30-08-2017, 03:57 PM
One of the most important routes for high performance in a SQL Server database is the index. Indexes accelerate the query process by providing quick access to rows in data tables, as well as how a book's index helps you find information quickly within that book. In this article, I provide an overview of SQL Server indexes and explain how they are defined in a database and how they can make the query process faster. Most of this information applies to indexes in SQL Server 2005 and 2008; the basic structure has changed little from one version to the next. In fact, much of the information also applies to SQL Server 2000.
Index structures
Indexes are created in columns in tables or views. The index provides a quick way to look for data based on the values within those columns. For example, if you create an index in the primary key and then look for a data row based on one of the primary key values, SQL Server first finds that value in the index, and then uses the index to quickly locate the entire index. data row. Without the index, a table scan would have to be performed to locate the row, which can have a significant effect on performance.

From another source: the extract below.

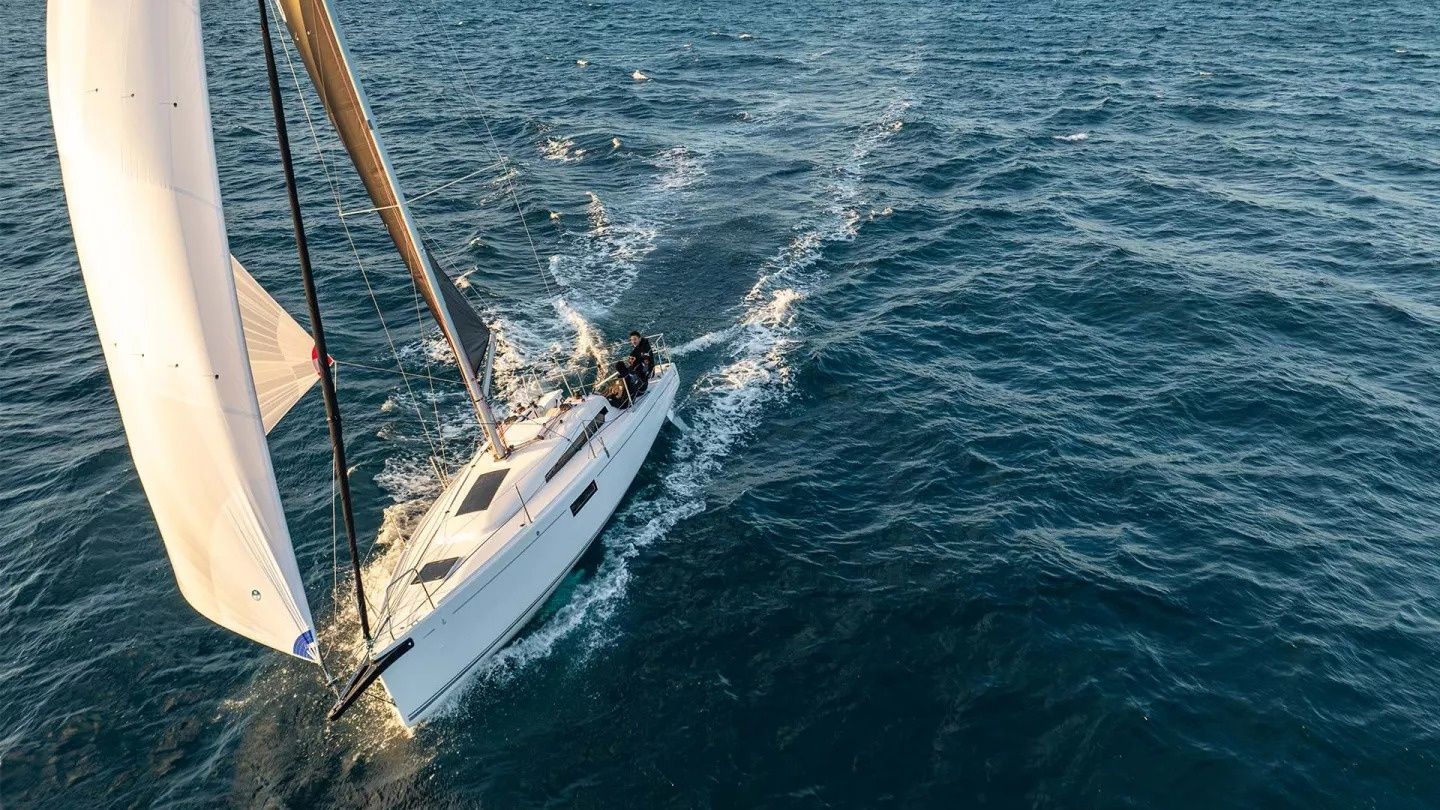 Beneteau First 30 | Helios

You can create indexes in most columns of a table or a view. Exceptions are primarily those columns configured with large object (LOB) data types, such as image, text, and varchar (max). You can also create indexes in XML columns, but those indexes are slightly different from the base index and are outside the scope of this article. Instead, I'll focus on the indexes that are most commonly implemented in a SQL Server database.
An index consists of a set of pages (index nodes) that are organized in a tree structure B. This structure is of a hierarchical nature, with the root node at the top of the hierarchy and leaf nodes at the bottom , as shown in Figure 1.
When a query is issued in an indexed column, the query engine starts at the root node and navigates down through the intermediate nodes, with each layer of the intermediate level more granular than the previous one. The query engine continues down through the index nodes until it reaches the leaf node. For example, if you are looking for the value 123 in an indexed column, the query engine would first look at the root level to determine which page to refer to at the upper intermediate level. In this example, the first page indicates the values 1-100 and the second page, the values 101-200, so the query engine would go to the second page of that level. The query engine would then determine to go to the third page at the next intermediate level. From there, the query engine would navigate to the leaf node for value 123. The leaf node would contain the entire data row or a pointer to that row, depending on whether the index is clustered or not clustered.
Index structures
Indexes are created in columns in tables or views. The index provides a quick way to look for data based on the values within those columns. For example, if you create an index in the primary key and then look for a data row based on one of the primary key values, SQL Server first finds that value in the index, and then uses the index to quickly locate the entire index. data row. Without the index, a table scan would have to be performed to locate the row, which can have a significant effect on performance.
You can create indexes in most columns of a table or a view. Exceptions are primarily those columns configured with large object (LOB) data types, such as image, text, and varchar (max). You can also create indexes in XML columns, but those indexes are slightly different from the base index and are outside the scope of this article. Instead, I'll focus on the indexes that are most commonly implemented in a SQL Server database.
An index consists of a set of pages (index nodes) that are organized in a tree structure B. This structure is of a hierarchical nature, with the root node at the top of the hierarchy and leaf nodes at the bottom , as shown in Figure 1.
When a query is issued in an indexed column, the query engine starts at the root node and navigates down through the intermediate nodes, with each layer of the intermediate level more granular than the previous one. The query engine continues down through the index nodes until it reaches the leaf node. For example, if you are looking for the value 123 in an indexed column, the query engine would first look at the root level to determine which page to refer to at the upper intermediate level. In this example, the first page indicates the values 1-100 and the second page, the values 101-200, so the query engine would go to the second page of that level. The query engine would then determine to go to the third page at the next intermediate level. From there, the query engine would navigate to the leaf node for value 123. The leaf node would contain the entire data row or a pointer to that row, depending on whether the index is clustered or not clustered.